Question écrite n° 42106 :
zones rurales

11e Législature

Question de : M. Maurice Leroy
Loir-et-Cher (3e circonscription) - Union pour la démocratie française-Alliance

M. Maurice Leroy souhaite attirer l'attention de Mme la ministre de l'aménagement du territoire et de l'environnement sur la politique du Gouvernement menée en matière d'aménagement du territoire, et en particulier concernant la présence des services publics en milieu rural. La France dispose d'un vaste territoire, spécifique dans sa richesse et sa diversité, sur lequel la densité moyenne de la population demeure faible. Pour autant, il existe depuis une décennie un accroissement de la concentration de la population sur une faible partie du territoire.

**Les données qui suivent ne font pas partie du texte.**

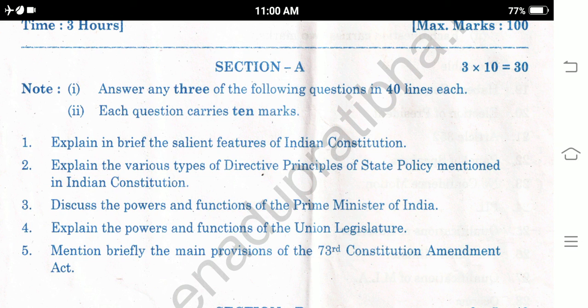Question 1: Explain in brief the salient features of the Indian constitution. Question 2: Explain the various types of directive principles of state policy mentioned in the Indian constitution. Question 3: Discuss the powers and functions of the Prime Minister of India. Question 4: Explain the powers and functions of the union legislature.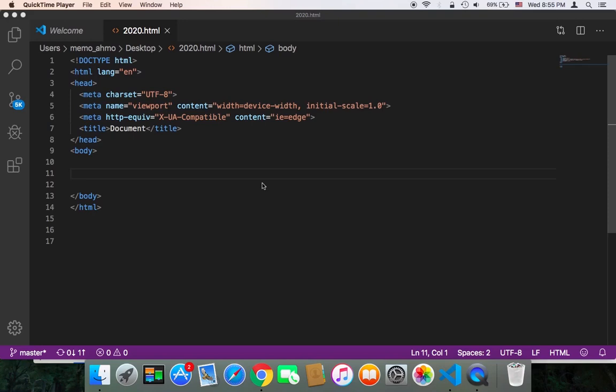Hey guys, welcome back to my channel. Today I have a surprise for you. I'm going to teach you how to create a custom HTML tag. But before we get started, make sure to subscribe so that you get notified whenever I upload a new video.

Loin d'être une fatalité, le fait que 80 % de la population soit concentrée aujourd'hui sur moins de 20 % du territoire est bel et bien une dérive, un danger pour la cohésion nationale. Tel est le rôle d'une politique d'aménagement du territoire et de la mission de l'Etat qui l'impulse. Elle passe par le maintien, voire une présence accrue, des services publics de proximité dans les zones rurales. Or, après les agences postales et les gendarmeries, le Gouvernement envisage de réorganiser les perceptions en réduisant les effectifs de celles-ci, certaines perceptions pouvant être supprimées. Il demande donc au Gouvernement de prendre des mesures concrètes pour assurer le maintien des services publics en milieu rural et stopper ainsi la politique de démaillage du territoire.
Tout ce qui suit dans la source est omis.